┏━━

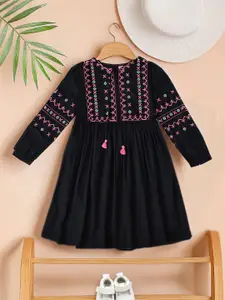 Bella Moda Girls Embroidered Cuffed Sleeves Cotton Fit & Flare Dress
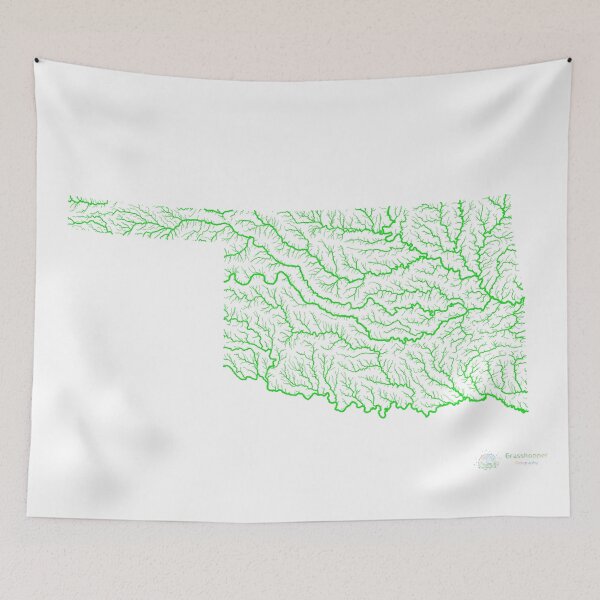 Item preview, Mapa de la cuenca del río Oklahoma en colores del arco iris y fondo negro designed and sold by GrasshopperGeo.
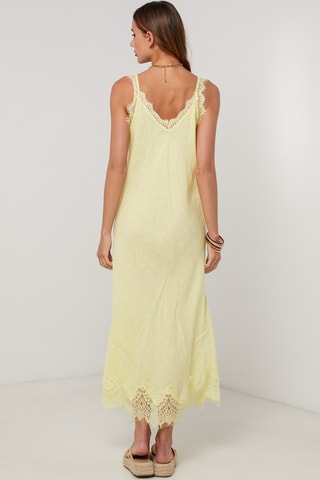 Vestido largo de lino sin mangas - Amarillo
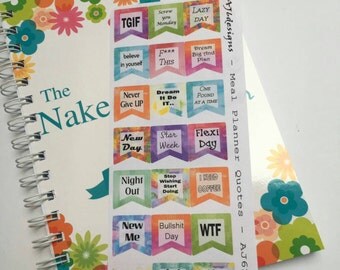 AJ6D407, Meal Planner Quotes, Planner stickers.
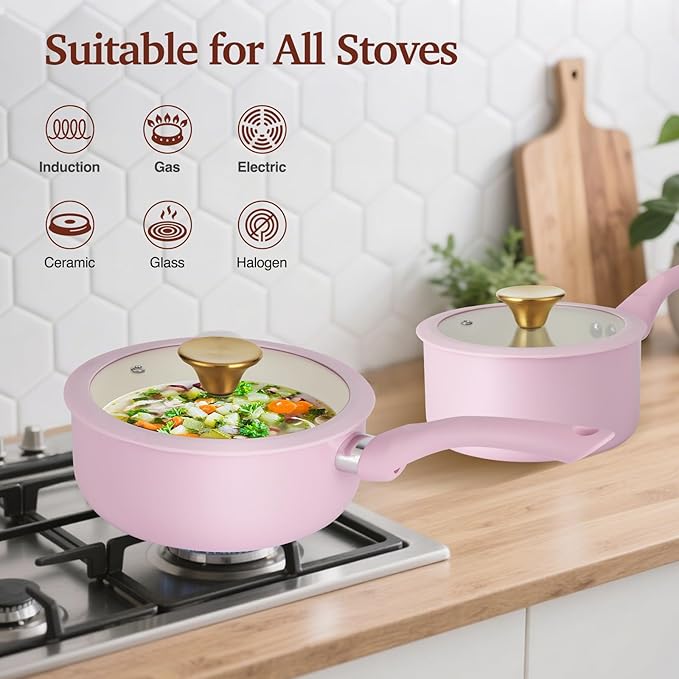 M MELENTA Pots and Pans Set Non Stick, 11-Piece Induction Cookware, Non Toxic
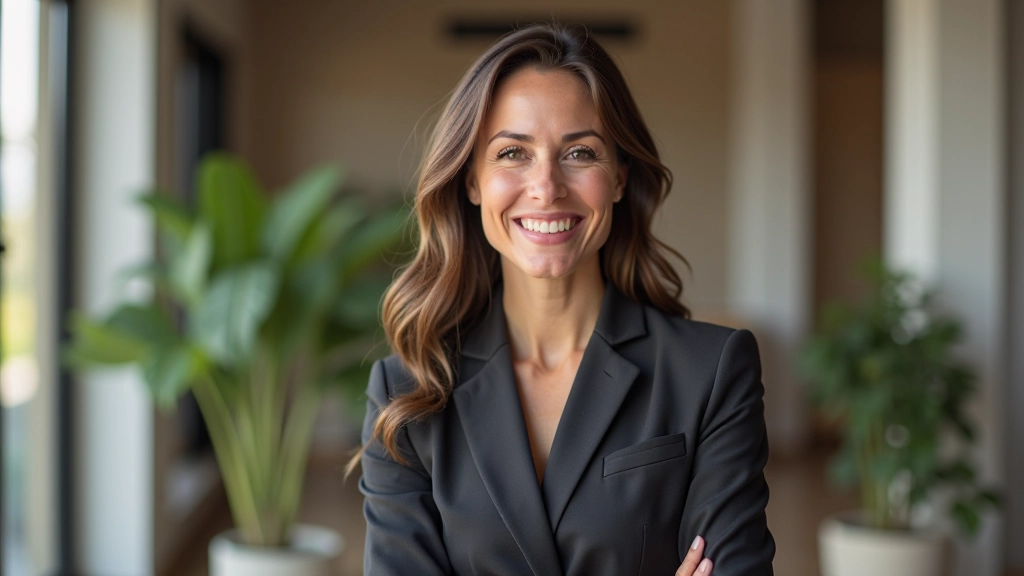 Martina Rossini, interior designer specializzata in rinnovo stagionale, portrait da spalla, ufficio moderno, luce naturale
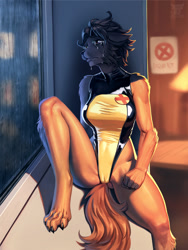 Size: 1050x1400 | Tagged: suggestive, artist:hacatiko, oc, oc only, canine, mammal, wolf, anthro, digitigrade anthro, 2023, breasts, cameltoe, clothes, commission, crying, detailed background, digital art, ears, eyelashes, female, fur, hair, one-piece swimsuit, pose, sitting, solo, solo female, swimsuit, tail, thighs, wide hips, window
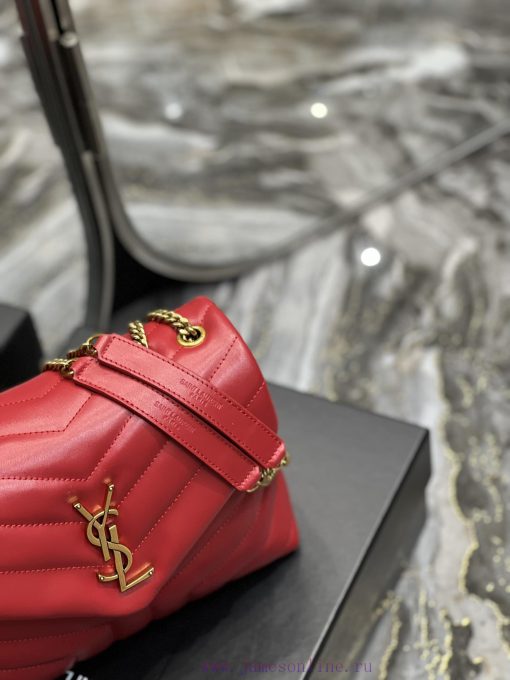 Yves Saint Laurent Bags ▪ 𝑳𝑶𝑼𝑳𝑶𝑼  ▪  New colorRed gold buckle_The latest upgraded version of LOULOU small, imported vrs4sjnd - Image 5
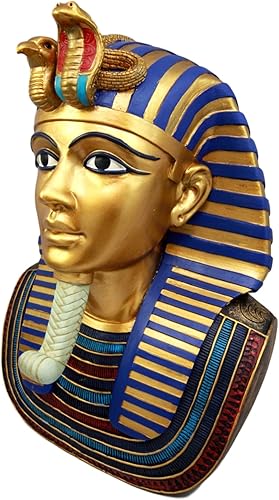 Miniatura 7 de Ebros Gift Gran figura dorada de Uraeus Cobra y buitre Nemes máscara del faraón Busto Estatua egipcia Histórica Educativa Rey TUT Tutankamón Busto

┗━━

● Required action
Every line from the one with "Yves Saint Laurent" through the end of the records above belongs in the answer, copied exactly; no picture does.

● Task result
 Yves Saint Laurent Bags ▪ 𝑳𝑶𝑼𝑳𝑶𝑼  ▪  New colorRed gold buckle_The latest upgraded version of LOULOU small, imported vrs4sjnd - Image 5
 Miniatura 7 de Ebros Gift Gran figura dorada de Uraeus Cobra y buitre Nemes máscara del faraón Busto Estatua egipcia Histórica Educativa Rey TUT Tutankamón Busto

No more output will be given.